Even if I make the quads a single pixel small, with a trivial fragment shader, performance doesn't improve. So we can assume that this is vertex bound, and the GPU report in Xcode agrees ("Tiler" is at 100%). The vertex shader is trivial as well, doing nothing but a little scaling and a translation math, so I'm assuming the bottleneck is some fixed-function stage...?

Just for some more background info, I'm rendering all the geometry using a single instanced draw call, with one quad per instance, i.e. 4 vertices per instance. The quad's positions are applied from a separate buffer that's indexed by instance id in the vertex shader. I've tried a few other methods as well (non-instanced with all vertices pre-transformed, instanced+indexed, etc), but that didn't help. There are no complex vertex attributes, buffer/surface formats, or anything else I can think of that seems likely to hit a slow path in the driver/GPU (though I can't be sure of course). Blending is off.

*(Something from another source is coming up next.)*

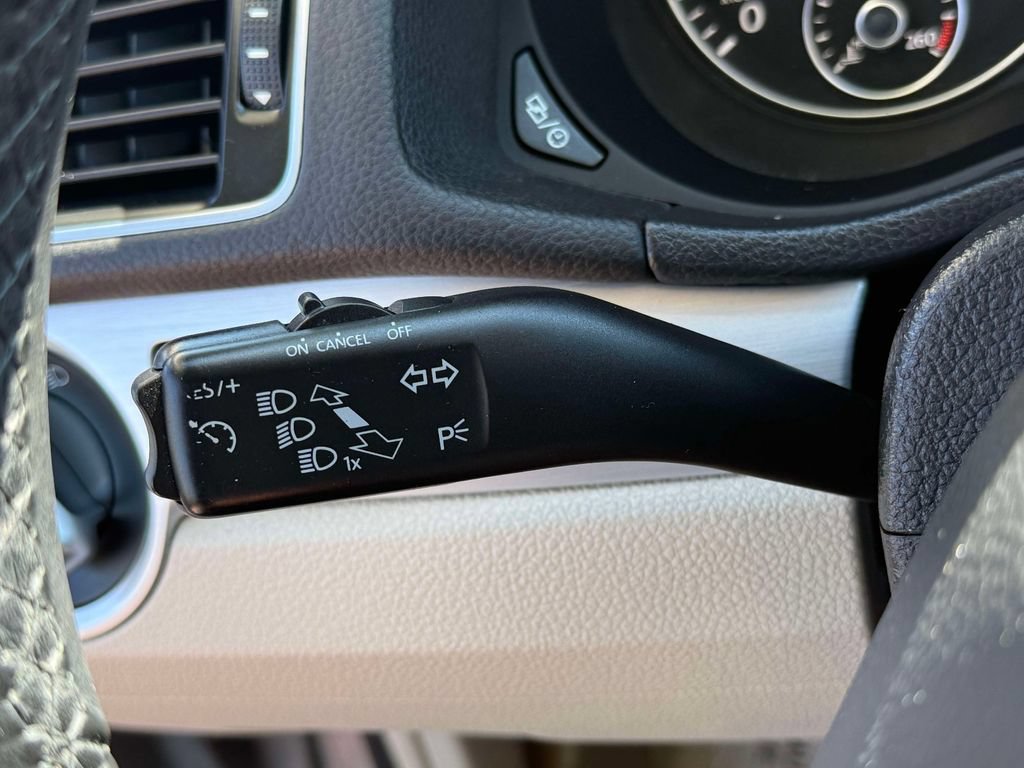 Used 2013 Volkswagen Passat 2.5 SE FWD image 21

Pretty much everything else is in the default state (things like viewport,scissor,ztest,culling,etc).

The application is written in Swift, though hopefully that doesn't matter ;)

What I'm trying to understand is whether the performance I'm seeing is expected when rendering quads like this (as opposed to a "proper" 3d scene), or whether some more advanced techniques are needed to get anwhere close to the advertised triangle throughputs. What do people think is likely the limiting bottleneck here?

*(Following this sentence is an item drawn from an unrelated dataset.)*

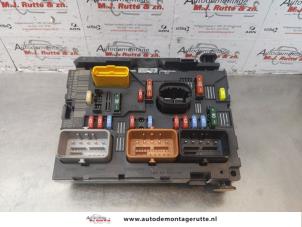 O178464 Gebruikte zekeringkast Peugeot 207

Also, if anyone knows any reason why this might be faster in OpenGL than in Metal (I haven't tried, and can't think of any reason), then I'd love to hear it as well.

Thanks

Edit: adding shader code.

vertex float4 vertex_shader(
        const constant float2* vertex_array [[ buffer(0) ]],
        const device QuadState* quads [[ buffer(1) ]],
        constant const Parms& parms [[ buffer(2) ]],
        unsigned int vid [[ vertex_id ]],
        unsigned int iid [[ instance_id ]] )
{
    float2 v = vertex_array[vid]*0.5f;

    v += quads[iid].position;

    // ortho cam and projection transform
    v += parms.cam.position;
    v *= parms.cam.zoom * parms.proj.scaling;

    return float4(v, 0, 1.0);
}


fragment half4 fragment_shader()
{
    return half4(0.773,0.439,0.278,0.4);
}
1
Can you show us your vertex layout/descriptor and your shader code? In a sample app I have here, I can hit 150ktris per frame on an iPad mini 2, and >300ktris/frame on an iPhone 6. My triangles have an average coverage of 2 pixels a piece.warrenm
Sure thing, I added the shader code above. I don't explicitly set a vertex layout. I've also noticed that it matters a lot for the Tiler how much of the screen is covered by quads (I expected this to matter for the fragment stage, but was surprised to see it influence the vertex stage so much..guess it's a tile caching effect). That is, concentrating all the quads in a small area of the screen rather than uniformly distributing them all over the place improves perf a lot, and then I can hit >100k triangles as well. Perhaps that's how they get to >1M: small objects with very high tri count..lespalt
Yeah, the tiler has a lot to do with it. Most of these tiny triangles will only hit a single tile, and the fewer tiles that have to be moved onto the GPU, the less the tiler overhead will be. FWIW, I don't see anything flagrantly wrong with your shader.warrenm

1 Answers

1
votes

Without seeing your Swift/Objective-C code I cannot be sure, but my guess is you are spending too much time calling your instancing code. Instancing is useful when you have a model with hundreds of triangles in it, not for two.

Try creating a vertex buffer with 1000 quads in it and see if the performance increases.